Abeiku Santana is ‘unethical’ for shading my brand as ‘demonic’—Patience Nyarko cries for objectivity
Gospel icon Patience Nyarko has termed the action of the renowned radio and television presenter, Abeiku Santana as “unethical.”
She said the award winning broadcaster was unprofessional for making partial judgement about her humble opinion she expressed on Joe Mettle’s form of music.
According to a statement issued on Wednesday In Accra and signed by the sensational gospel Songstress, the action of Abeiku Santana was inappropriate, irrelevant, inaccurate, unbalanced and carried tendencies of dividing the gospel fraternity.

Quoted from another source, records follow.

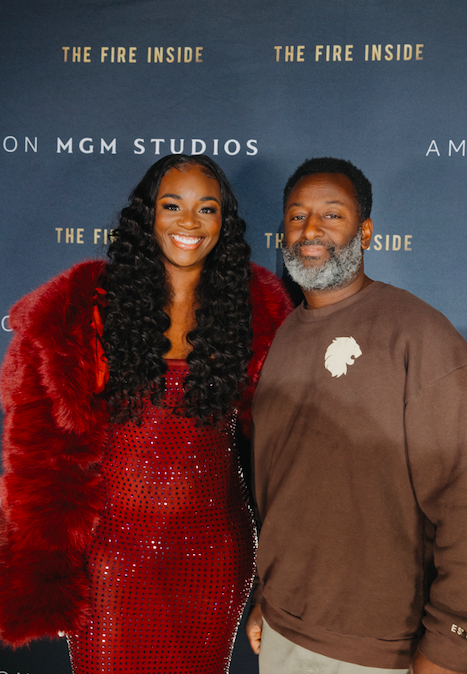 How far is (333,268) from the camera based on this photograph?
1527 mm

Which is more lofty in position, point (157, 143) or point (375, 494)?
point (157, 143)

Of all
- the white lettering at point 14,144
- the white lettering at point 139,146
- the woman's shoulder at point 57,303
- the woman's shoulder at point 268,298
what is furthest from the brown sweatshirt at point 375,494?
the white lettering at point 14,144

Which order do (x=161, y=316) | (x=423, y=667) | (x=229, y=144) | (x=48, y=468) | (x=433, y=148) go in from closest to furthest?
(x=423, y=667) < (x=48, y=468) < (x=161, y=316) < (x=433, y=148) < (x=229, y=144)

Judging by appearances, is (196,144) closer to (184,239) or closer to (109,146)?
(109,146)

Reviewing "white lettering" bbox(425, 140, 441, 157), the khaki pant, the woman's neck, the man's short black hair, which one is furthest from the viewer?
"white lettering" bbox(425, 140, 441, 157)

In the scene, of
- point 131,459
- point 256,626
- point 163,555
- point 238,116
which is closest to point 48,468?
point 131,459

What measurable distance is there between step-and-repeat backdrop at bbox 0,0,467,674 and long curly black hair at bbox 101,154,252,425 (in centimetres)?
44

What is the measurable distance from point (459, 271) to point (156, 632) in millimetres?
1668

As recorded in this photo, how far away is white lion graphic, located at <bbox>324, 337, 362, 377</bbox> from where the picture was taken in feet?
4.67

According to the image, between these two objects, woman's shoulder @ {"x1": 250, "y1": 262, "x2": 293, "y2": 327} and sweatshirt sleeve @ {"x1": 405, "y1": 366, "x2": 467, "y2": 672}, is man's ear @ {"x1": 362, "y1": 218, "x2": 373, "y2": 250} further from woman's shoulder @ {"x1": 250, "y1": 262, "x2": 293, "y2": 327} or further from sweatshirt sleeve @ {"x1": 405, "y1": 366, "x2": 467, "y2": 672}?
sweatshirt sleeve @ {"x1": 405, "y1": 366, "x2": 467, "y2": 672}

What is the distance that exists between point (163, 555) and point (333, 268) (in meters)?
0.98

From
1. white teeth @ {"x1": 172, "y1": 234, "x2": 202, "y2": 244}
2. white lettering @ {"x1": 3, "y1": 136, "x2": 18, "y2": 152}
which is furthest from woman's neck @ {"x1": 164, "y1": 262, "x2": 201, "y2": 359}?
white lettering @ {"x1": 3, "y1": 136, "x2": 18, "y2": 152}

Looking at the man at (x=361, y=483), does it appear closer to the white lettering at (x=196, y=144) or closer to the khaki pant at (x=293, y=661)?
the khaki pant at (x=293, y=661)

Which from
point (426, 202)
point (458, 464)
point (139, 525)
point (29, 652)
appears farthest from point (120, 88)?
point (29, 652) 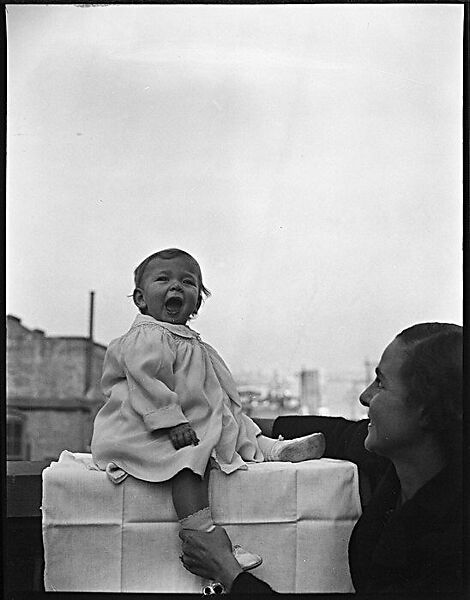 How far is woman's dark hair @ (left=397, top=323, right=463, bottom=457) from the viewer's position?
1411 mm

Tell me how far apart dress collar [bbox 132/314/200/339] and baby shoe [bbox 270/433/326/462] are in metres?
0.21

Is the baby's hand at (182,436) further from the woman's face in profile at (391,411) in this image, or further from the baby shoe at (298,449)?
the woman's face in profile at (391,411)

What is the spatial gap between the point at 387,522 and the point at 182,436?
13.7 inches

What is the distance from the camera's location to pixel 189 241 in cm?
142

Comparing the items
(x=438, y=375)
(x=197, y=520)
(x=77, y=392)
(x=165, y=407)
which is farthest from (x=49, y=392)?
(x=438, y=375)

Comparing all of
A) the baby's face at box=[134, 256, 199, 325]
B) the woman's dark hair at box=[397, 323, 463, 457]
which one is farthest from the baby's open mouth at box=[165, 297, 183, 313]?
the woman's dark hair at box=[397, 323, 463, 457]

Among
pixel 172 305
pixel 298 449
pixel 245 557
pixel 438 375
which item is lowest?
pixel 245 557

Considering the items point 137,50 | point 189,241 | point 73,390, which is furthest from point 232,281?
point 137,50

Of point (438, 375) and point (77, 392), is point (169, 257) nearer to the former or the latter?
point (77, 392)

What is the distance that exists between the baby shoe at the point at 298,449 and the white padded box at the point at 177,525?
12 millimetres

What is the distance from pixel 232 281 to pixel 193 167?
19cm

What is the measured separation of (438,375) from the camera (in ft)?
4.66

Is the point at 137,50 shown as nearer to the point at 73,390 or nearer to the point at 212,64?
the point at 212,64

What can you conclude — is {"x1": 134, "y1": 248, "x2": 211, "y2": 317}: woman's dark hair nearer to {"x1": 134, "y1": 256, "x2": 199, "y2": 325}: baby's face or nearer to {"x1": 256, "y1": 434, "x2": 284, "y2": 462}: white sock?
{"x1": 134, "y1": 256, "x2": 199, "y2": 325}: baby's face
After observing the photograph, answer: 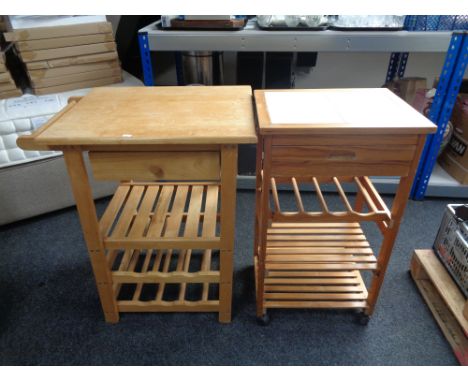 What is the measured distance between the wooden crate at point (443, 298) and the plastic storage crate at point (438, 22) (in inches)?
38.6

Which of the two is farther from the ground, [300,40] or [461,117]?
[300,40]

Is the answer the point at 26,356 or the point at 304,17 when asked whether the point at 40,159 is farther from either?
the point at 304,17

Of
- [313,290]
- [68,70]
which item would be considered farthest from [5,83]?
[313,290]

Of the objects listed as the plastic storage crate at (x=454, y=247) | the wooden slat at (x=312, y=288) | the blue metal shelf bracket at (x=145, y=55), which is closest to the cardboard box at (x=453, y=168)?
the plastic storage crate at (x=454, y=247)

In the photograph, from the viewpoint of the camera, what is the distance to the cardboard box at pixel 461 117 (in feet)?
6.05

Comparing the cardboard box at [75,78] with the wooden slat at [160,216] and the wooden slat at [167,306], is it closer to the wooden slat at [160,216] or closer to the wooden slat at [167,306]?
the wooden slat at [160,216]

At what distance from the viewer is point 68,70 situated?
1.80 meters

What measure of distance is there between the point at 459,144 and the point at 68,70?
2.14m

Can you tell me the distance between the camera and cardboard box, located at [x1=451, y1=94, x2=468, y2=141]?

She noted that it was unfair for the Okay FM presenter to label her as demonic who wanted to destroy the ministry of Joe Mettle.
“Your wild claim about me being on a demonic agenda against my fellow gospel musician and your resolve to stand with the person and pray rather you are causing further division among the body of Christ,” Patience Nyarko cried.
She observed that Abeiku Santana who claimed she was not united with other gospel musicians in a quest to win souls for Christ was fallacious.
Patience Nyarko called on the presenter to do a sober reflection of his words used against her and apologise for disrespecting and shaming her brand on a radio frequency which has massive audience like Okay FM.
The Wafom Kwan hitmaker indicated that she did not have any malicious intent for saying Joe Mettle was being over hyped for singing in English and recomposing Methodist hymns.
She decried that the harsh allegations made by Abeiku Santana was injustice, adding that she is in supportive of all hardworking gospel artistes who are helping to winning souls for Christ not the other way round.
“I am sure that any fair minded person who listened to you will attest that you were unnecessarily harsh and your choice of words were not the best. Your claims were offensive and very divisive,” she added.
Patience Nyarko pledged to continue working with the media irrespective of Santana’s action and stressed the need for unity in the industry.